La Représentante spéciale a dit attendre du Conseil de sécurité une résolution ou une déclaration présidentielle qui élargisse la « liste de la honte » aux six violations des droits de l’enfant ou au moins à ceux qui commettent des actes de violence sexuelle. La résolution 1612, a-t-elle encore fait remarquer, prévoit bien des sanctions mais sans mécanisme de surveillance de leurs applications, l’effort restera vain.

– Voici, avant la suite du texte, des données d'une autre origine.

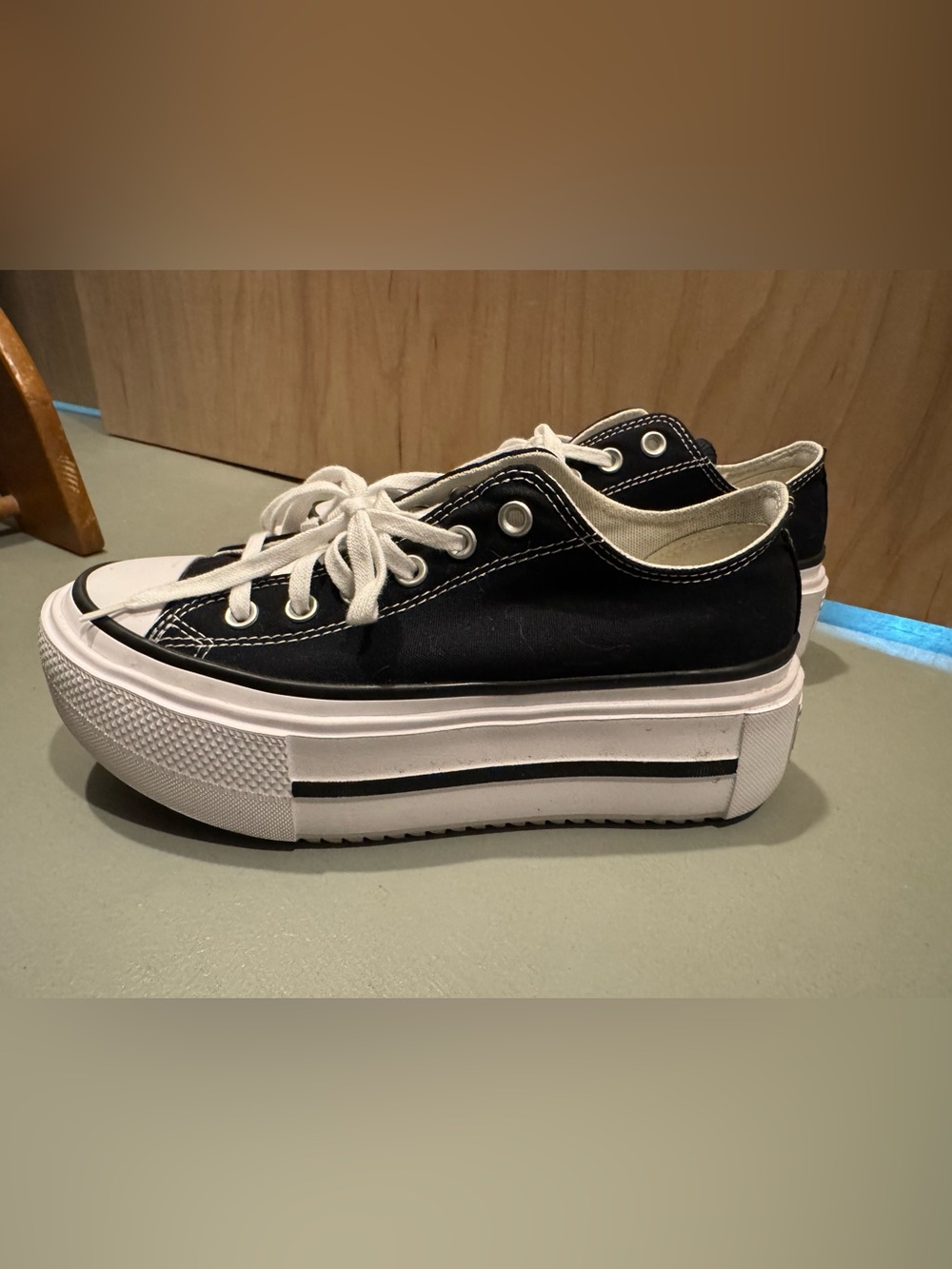 Converse low top platform shoe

Radhika Coomaraswamy a évoqué d’autres difficultés auxquelles se heurte la mise en œuvre de son mandat comme le manque d’accès. Dans le cas du Myanmar, elle a dit avoir recueilli des informations sur la mise sur pied par le Gouvernement d’un Comité national et d’un Plan d’action sur la démobilisation des enfants soldats mais elles sont difficilement vérifiables. Le problème du Myanmar est qu’il possède une très grande armée difficilement contrôlable. La publication de la « liste de la honte » vise précisément à amener les gouvernements à élaborer des plans d’action.
L’objectif est d’engager ces parties dans un dialogue pour les convaincre de prendre des mesures ambitieuses contre le recrutement et l’enrôlement d’enfants. Le problème vient bien souvent du fait que la majorité des listes étant composées d’acteurs non étatiques, les gouvernements voient d’un mauvais œil tout contact avec eux. La Représentante spéciale s’est d’ailleurs félicitée du déploiement prochain, au sein de la Mission d’assistance des Nations Unies en Afghanistan (MANUA), de conseillers en protection de l’enfance également prévus par la résolution 1612. Ces conseillers, a-t-elle espéré, pourraient ainsi approcher les Taliban.
La Représentante spéciale a rappelé que son rapport examine aussi les violations des droits de l’enfant commises par le personnel des opérations de maintien de la paix de l’ONU. Elle a souligné que le Sri Lanka, qui a dû retirer ses soldats de la Mission des Nations Unies pour la stabilisation en Haïti (MINUSTAH), a pleinement coopéré avec la Mission. Le problème est que le lancement des procédures judiciaires relève de la responsabilité exclusive du pays contributeur de troupes, a reconnu la Représentante spéciale.
Pressée de questions, Radhika Coomaraswamy a évoqué le cas d’Omar Kadhr, capturé à l’âge de 15 ans par les troupes américaines en Afghanistan et détenu depuis à Guantanamo. À l’approche du procès par une cour militaire, Radhika Coomaraswamy a dit craindre le précédent que constituerait le jugement d’une personne pour des faits commis lorsqu’elle était mineure. Nous ne sommes ni juristes ni membres d’un tribunal, a-t-elle dit, en ajoutant que dans le cadre de son mandat « strictement diplomatique », elle a saisi le Département d’État américain et la Mission des États-Unis auprès des Nations Unies. La Représentante spéciale n’a pas caché que les avocats chargés de la défense d’Omar Kadhr l’ont invitée à vérifier l’équité du procès. Avant même que nous n’ayons eu la possibilité de répondre, le Pentagone a rejeté la demande de la défense, a-t-elle indiqué, en précisant que son souci n’est pas de voir les mineurs échapper à la justice mais de s’assurer du respect du droit international.